THE JOURNAL

New York City, 1980. Photograph © Jean Gaumy/Magnum Photos
Why slacking off, not hard work, might be the key to success – and how to get the best from your rest.
“If there was an Olympic gold medal for ‘chillaxing’, he would win it,” is how one unnamed friend described former British prime minister Mr David Cameron’s penchant for post-lunch naps, weekend tennis matches and general fondness for fun and games. “Chillaxing” – a deliciously sticky turn of phrase when used in reference to someone running a country. Surely, said his detractors, it’s hardly appropriate for a Prime Minister to “chillax”?
Actually, it’s not so clear. In his book Rest: Why You Get More Done When You Work Less – which sees its paperback release this month – technology forecaster and Silicon Valley consultant Mr Alex Soojung-Kim Pang debunks the notion that producing our best work requires relentless slog and miserable grind. In fact, he says, many of the greatest minds of the past and present were intimately acquainted with the art of “active rest” – comprising deliberate forms of relaxation and play that not only stop the mind and body from burning out, but actively enhance and recharge the areas and networks of the brain responsible for deep analytical thought, memory and creativity.
“In previous centuries, leading authors, scientists, politicians, and businessmen created masterpieces, won elections, and captained industries while finding ample time for long walks and regular naps, weekends away, even weeks-long vacations,” writes Mr Pang. “They learned to lean back, develop sustainable routines, and make rest an essential part of their creative lives.”
But why is this the case? Scroll down to discover three key concepts from the book, which is out now from Penguin Life.

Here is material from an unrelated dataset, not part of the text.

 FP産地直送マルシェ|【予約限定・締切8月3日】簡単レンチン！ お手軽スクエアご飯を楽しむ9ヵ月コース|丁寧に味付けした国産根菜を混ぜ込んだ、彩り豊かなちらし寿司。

Our brain is active even when it’s resting
Ever wonder why, when grappling with a difficult problem, the solution seems to pop up, almost like magic, just after a walk or some other kind of relaxing activity? It’s due to what neuroscientists call “default mode networks” (DMN) – a series of connections in the brain that gently whir into action when it’s seemingly at rest, offering up new ideas and insights ready to be accessed when the mind turns back consciously to the task at hand. Mr Pang writes: “When we rest and let our minds wander, our brains are almost as active as when we’re concentrating hard on a problem. Furthermore, while we’re not conscious of it, the ‘resting’ brain turns out to be consolidating memories, making sense of the past, and searching for solutions to problems that are occupying our waking hours.” Even just staring at a blank screen or the blink of an eye is enough to get our DMN started.

The optimum work day is 4.5 hours long
A quick look at Mr Charles Darwin’s daily routine showed that he typically “worked” for just three 90 minute periods each day, with the rest largely spent on leisurely walks, letter-writing and time with his family. Not bad for someone who wrote 25 books, including On The Origin Of Species, thereby revolutionising our understanding of nature and humanity. After analysing the schedules of some of history’s most prolific and accomplished scientists, mathematicians and writers, Mr Pang concludes that the optimum amount of time to work per day is just four to five hours, and no more than 20-25 hours per week. “This research doesn’t just present a general case for the value of rest; it shows how different kinds of rest interact with work in the course of the day, and over the course of a life,” he writes. “It shows us why some kinds of rest stimulate our creativity while others restore our creative energy. It shows us that restorative daytime naps, insight-generating long walks, vigorous exercise and lengthy vacations aren’t unproductive interruptions; they help creative people do their work.”

Walking is problem solving
Unfortunately, getting turnt up in the club doesn’t constitute the kind of rest that helps you to produce your best work. Instead, if we want to stimulate creativity, mental alertness and memory, we need to integrate “deliberate rest” into our routines, which includes walks and regular afternoon naps. Experiments conducted by Stanford scientists Dr Daniel Schwartz and Dr Marily Oppezzo showed that subjects consistently performed better on tests that measure creative and lateral thinking while walking. Walking, it seems, lets the unconscious mind do its thing, letting new ideas bubble up ready to be used when we’re sat down and ready to focus consciously on a specific task or problem.
Likewise, a short nap of around 20 minutes boosts the body’s ability to concentrate by giving the body a chance to restore depleted energy. Mr Pang writes: “Regular napping can also improve memory. Just as the brain uses a good night’s sleep to fix memories, so too does it use naps to consolidate things you’ve just learned. Neuroscientist Sara Mednick found that napping for an hour or more during the day – a nap long enough to allow one to dream – improves performance on memory and perceptual tasks.”